The Washington Post was the first to report that the Trump administration had once had a plan to send masks directly to U.S. households.

The internal HHS email from June obtained by NBC News was sent in response to an inquiry from a nongovernmental entity asking why the Trump administration did not move forward with the plan.

In the email, a senior HHS official says that the "White House" made the decision not to move forward and that, instead, the masks would be manufactured and distributed to businesses, state and federal agencies and nonprofit organizations.

Asked why the White House scrapped household distribution, an HHS spokesperson did not respond to the question, saying instead: "Cloth face masks are now widely available from a number of vendors and easily accessible to the American public. Additionally, many people are now making their own."

The White House did not respond on the record to a request for comment.

The Post cited a draft press release about the program obtained through a U.S. Postal Service Freedom of Information Act request by the watchdog group American Oversight.

The document shows that the Postal Service was poised to distribute the masks to every household. The release says the masks would first be distributed to homes in areas with the high numbers of cases at the time, including parishes in Louisiana, as well as "King County, Washington, Wayne County, Michigan and New York."

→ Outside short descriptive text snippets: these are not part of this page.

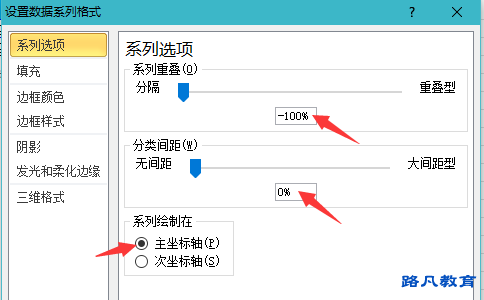 Excel组合图表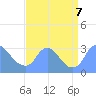 Kingman Lake tide chart for Saturday, September 7, 2024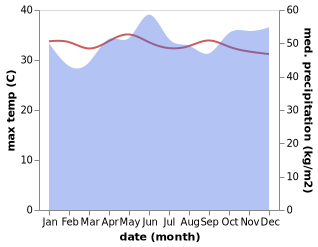 temperature and rainfall during the year in Lawas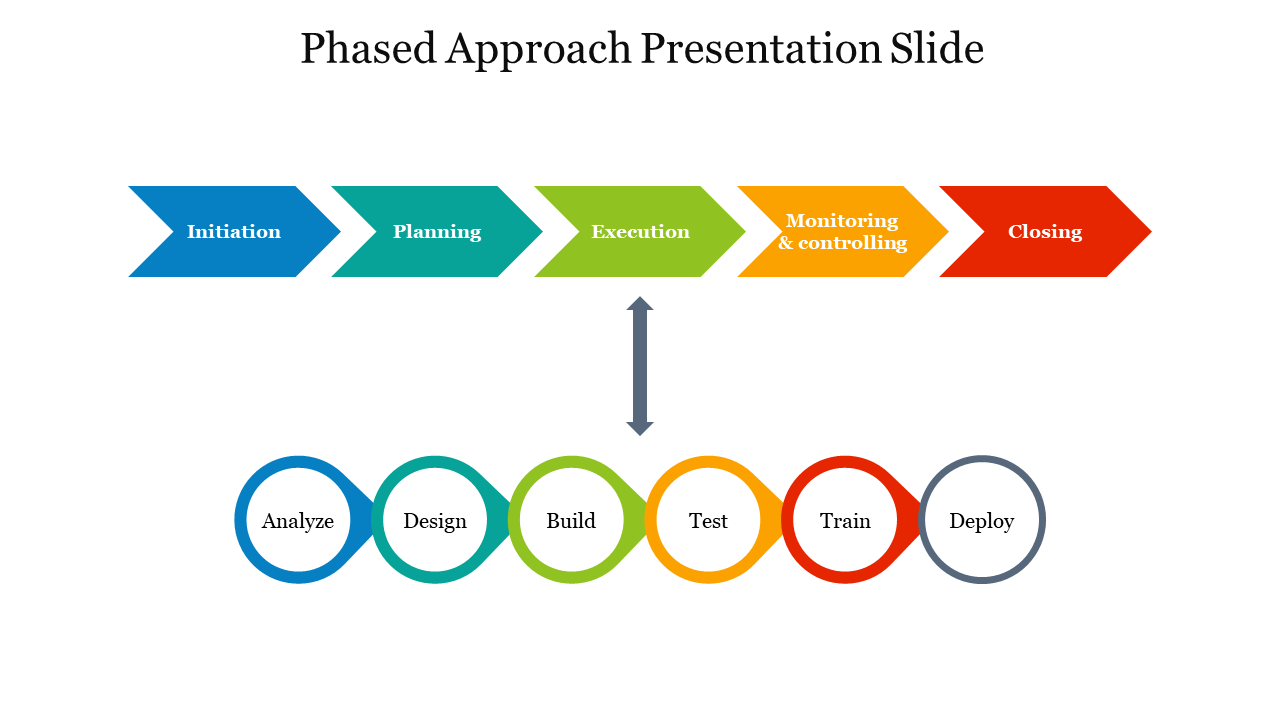 Phased Approach Presentation Slide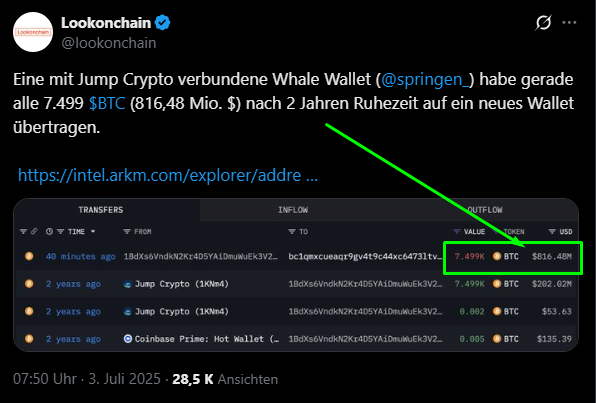 Bitcoins der nächste Monsterhype steht bevor! 1487079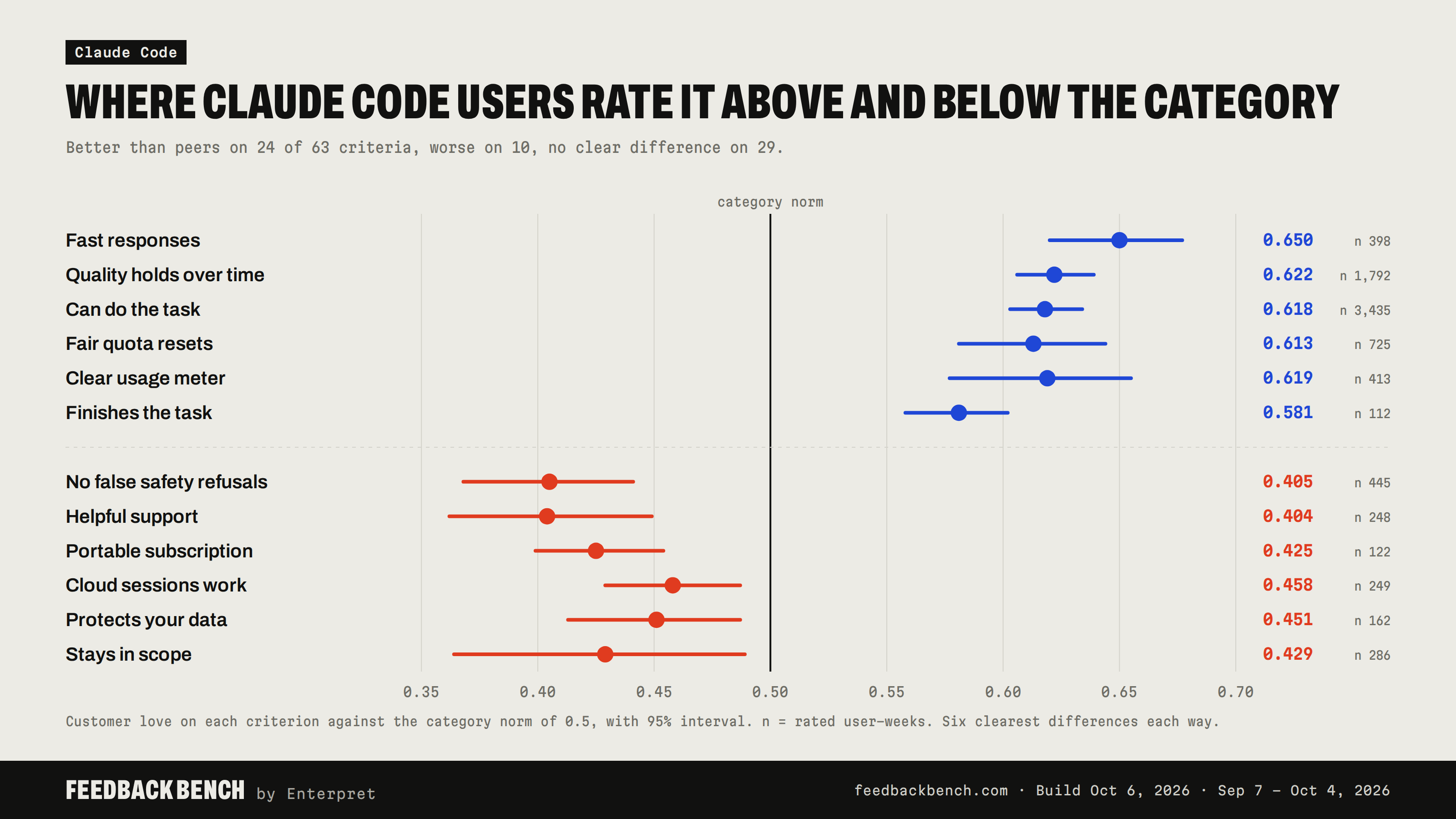 Criteria where Claude Code users rate it above and below the category norm, with 95% intervals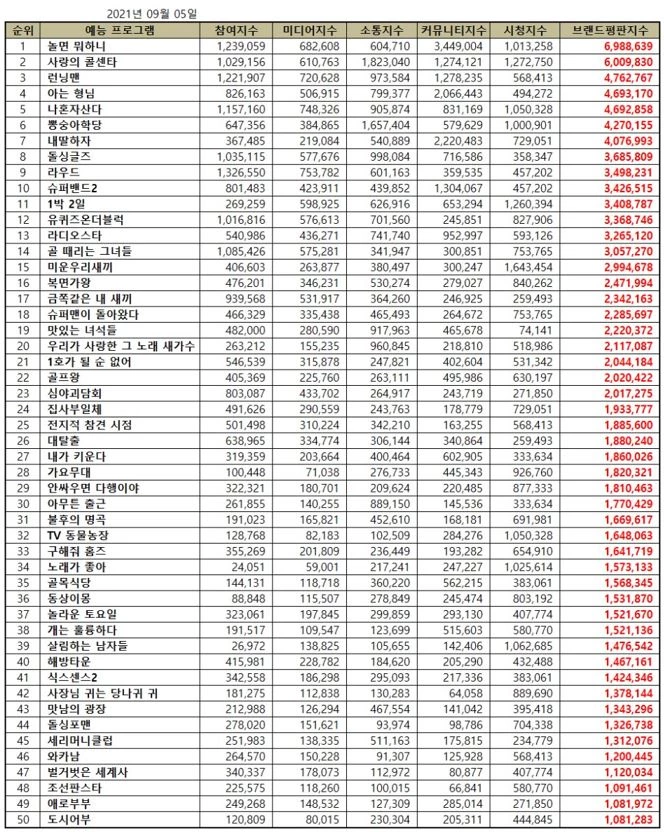 한국기업평판연구소 제공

The draft press release was among 10,000 documents the Postal Service released in response to the FOIA request. The Postal Service said Thursday that the documents were improperly released and asked American Oversight to take them down. American Oversight took down some of the documents, saying it had agreed to remove them for "24 hours as we wait for USPS to specify which pages it believes should continue to be withheld." It left other excerpts published.

HHS signed contracts with a group of textile manufacturers in early May for $640 million to make masks under Project America Strong, according to federal purchase records. The largest contract went to Hanes, which made 450 million masks in May and July, according to a company news release. Hanes did not respond to a request for comment for this article.

As part of the effort to distribute the masks under Project America Strong, HHS set up a website where Americans could request a box of 500 masks each.

But by July, an HHS spokesperson said the agency had run out of masks, and the website's language was changed to say: "The demand for the face coverings has exceeded supply. As a result, we are no longer accepting new requests."